I got a minor in Economics in college. I found the study of price theory especially fascinating. Yeah, I was a wild and crazy guy in college, right? I didn’t do much with that knowledge otherwise. I’ve got fifteen hours of classes under my belt, whatever that’s worth. Today I’m merely an armchair economist.
Yet from time to time something around me triggers flashbacks to my price theory days. It happened recently when I started seeing all this “Fair Trade” stuff everywhere. Coffee, tea, chocolate, trinkets… anything! My first inclination was to think about the coffee that isn’t labeled as fair trade. Does that make a normal cup of coffee “unfair” trade? Hardly. Two parties agreed to engage in a transaction. A farmer traded coffee beans to a coffee broker for cash. Both sides engaged in the transaction on there own and both received something of value in return. Were that not to be the case, I’d argue the transaction wouldn’t have taken place at all. Thus it is, by my definition, a fair trade.

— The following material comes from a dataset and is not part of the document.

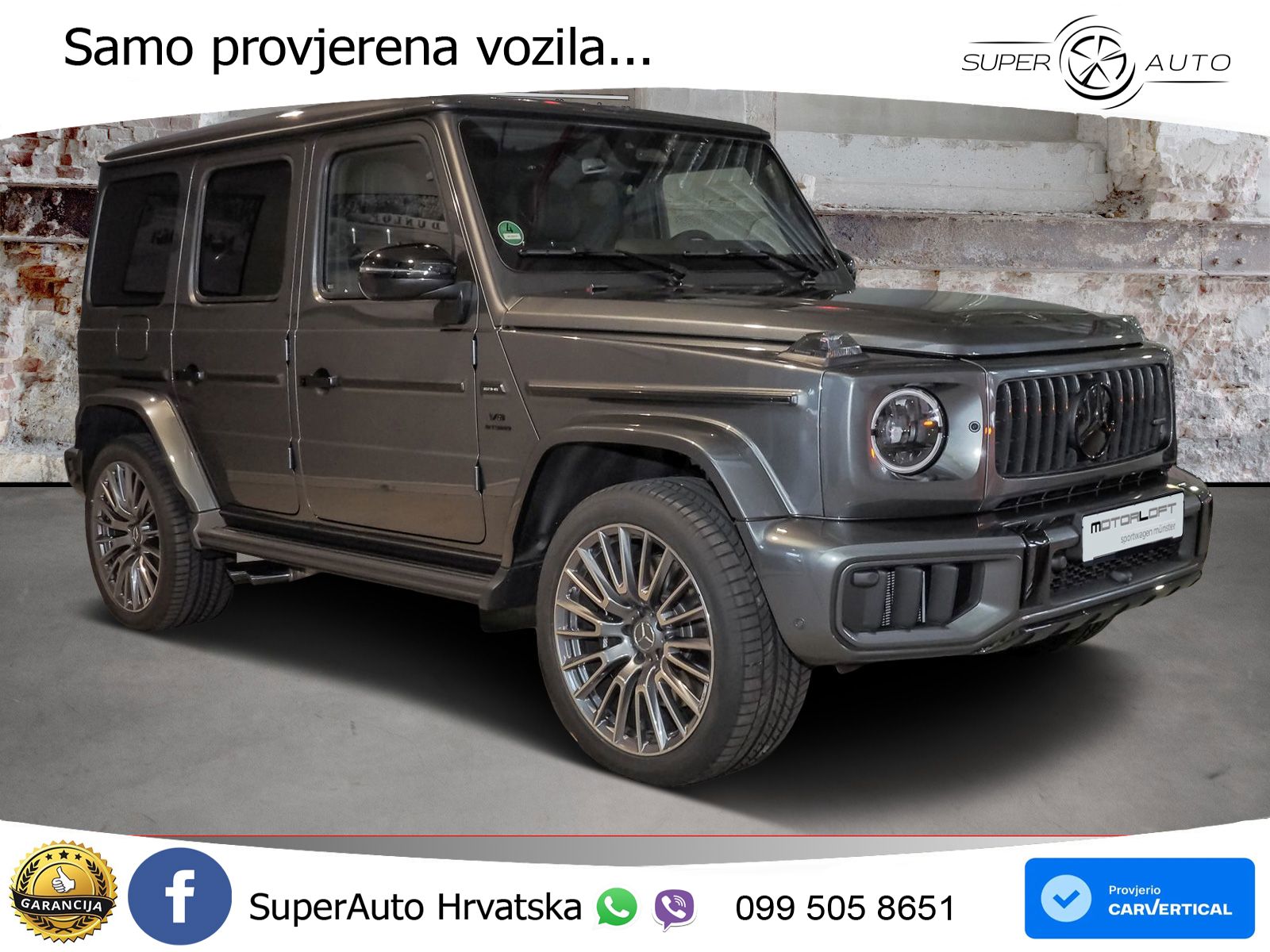 Mercedes AMG G 63 Long V8 (585 KS) 4MATIC 9G-TRONIC AMG SPEEDSHIFT PLUS ZRAČNI+ACC+GR SJED+360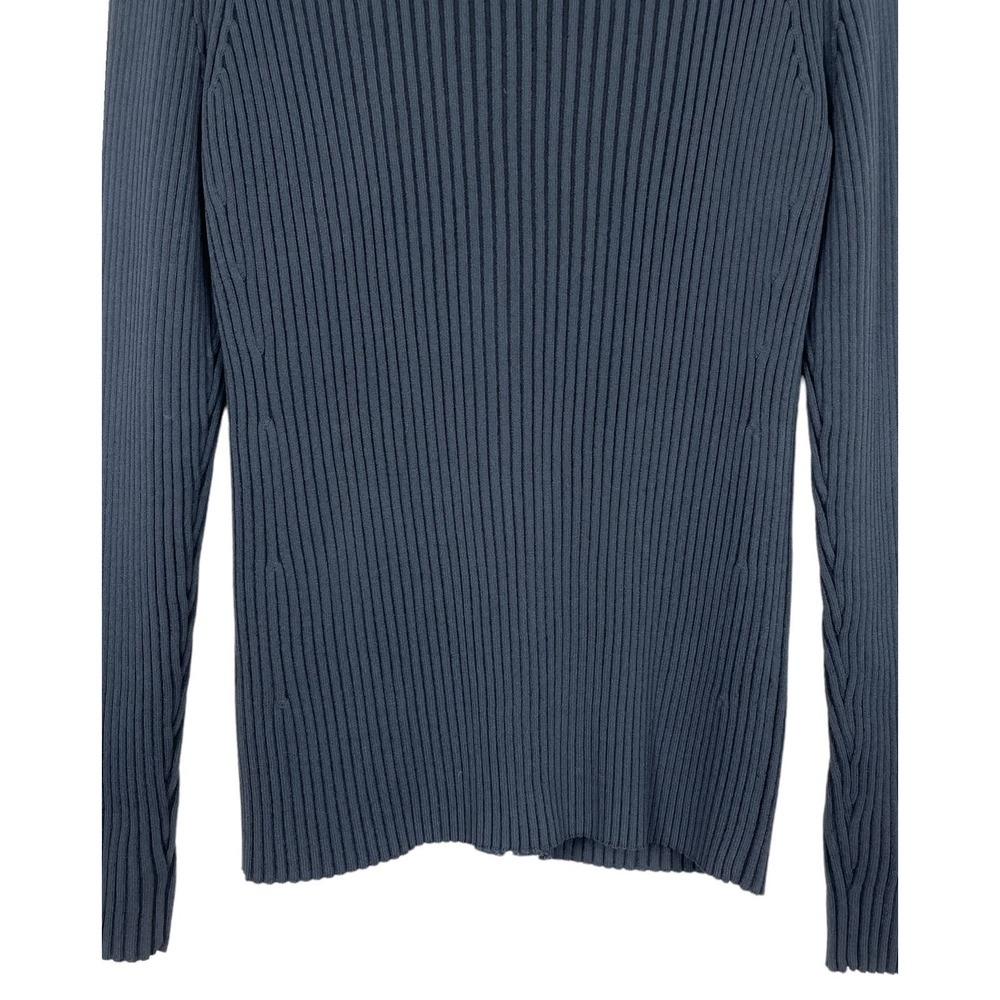 COS Blue Ribbed Stretch Full-Zip Jacket | Large - Picture 7 of 9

But this isn’t “fair” in the eyes of many well-meaning folks today. You see, a cup of premium coffee costs a pretty penny these days. Yet the farmers growing the stuff account for mere pennies of the final price. That’s gotta be unfair, right?
Not really. Coffee is grown all over the world. There is a lot of the stuff. But that doesn’t matter. Welcome to the Fair Trade movement. We all know the idea… those of us in the affluent burbs pay a little more for coffee with the hopes that some of the money goes towards paying the farmers a little extra. It is a pleasant thought. Who doesn’t want to help someone in the developing world, right? It is well meaning, kind, generous… and downright harmful in the long run.
Remember back to that Econ 101 class from college? You know, the one you slept through. I was the nerdy kid staying after class to talk to the professor. Anyway, you remember supply and demand, right? Sure, easy stuff. Remember price floors and ceilings? The Fair Trade movement seeks to create an artificial price floor on products. They try to influence a market by bringing the price up to a point higher than normal. What will result is farmers attempting to produce more. This will eventually result in an oversupply of coffee. Farmers will ultimately have to dump product on the market or let it rot. This will hurt all farmers, particularly those not participating in the fair trade movement.
So is the fair trade movement a noble idea? Sure. Perhaps it will make you feel better drinking the coffee. But in the long run, fair trade initiatives can create oversupply and hurt farmers. It is a lesson in Econ 101… don’t meddle in markets! Hope you enjoy the coffee.